Pourquoi part-on dans un pays qui souffre ? Voilà une des questions à se poser, quand on se prétend « routard ». Malheureusement, ce mot est souvent galvaudé. On se fait plaisir en arborant son passeport, on oublie les réalités que l’on frôle. Les séances diapo du retour sont toujours plus plaisantes. Pourquoi partir ? Découvrir les autres ? Alors, acceptons ce qu’ils sont et ne fermons pas les yeux sur les réalités. Si vous voulez faire de belles photos, comme je le lis un peu trop souvent, il y a bien d’autres lieux dans le monde. Si vous voulez aider un peuple qui souffre, il existe des associations. Si vous voulez partir sur le terrain, pas de problème, on aura bien besoin de vous quelque part. Arrêtons l’hypocrisie. Essayez de voir le reportage de Evan Williams, qui est récemment passé sur Arte (
Birmanie, la guerre secrète). Le reporter s’est fait passer pour un touriste. Il nous rapporte un constat affligeant, tant sur la réalité du pays que sur l’hypocrisie des autres pays, Chinois ou Occidentaux. Ce n’est pas en voyageant que l’on donne aux autres, c’est en s’engageant. Donner pendant son voyage ne règle en aucun cas le problème. Bien au contraire, il le déplace. La plupart de ce que vous allez payer va partir dans les caisses de la Junte (quand bien même il s’agit de « trois sous »...), le reste... le reste, c’est le prix de la frustration, de la soumission au tourisme de masse. Commencez très tôt à éduquer les populations défavorisées au tourisme, voyez ce qu’ils deviendront. Tout « routard » devrait connaître le problème. Inutile de s’appesantir là-dessus.

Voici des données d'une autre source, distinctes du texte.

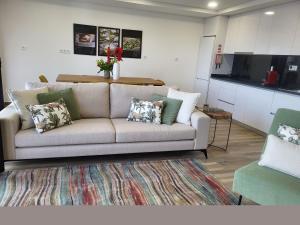 a living room with a couch and a kitchen at NORTHEAST PORTUGAL G in Mirandela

Peut-être que ces mots vont déranger les bonnes consciences, mais elles ne sont pas là par hasard. J’ai moi-même pas mal bourlingué, et j’en suis venu à me poser des questions. Du coup, je ne considère plus le voyage de la même façon. Nous avons un privilège inestimable : notre passeport, qui nous permet de partir aux quatre coins de la planète. Nous avons le droit de voyager, c’est formidable. N’oublions pas que nous avons également des devoirs moraux. Mais la morale n’est pas vraiment au goût du jour (à ce propos, jetez un œil sur le rapport Kouchner relatif à la société Total en
Birmanie ; comparez aux diverses revues de presse abordant le sujet... La philanthropie de notre Superministre ne résiste visiblement pas à d’autres Sirènes...).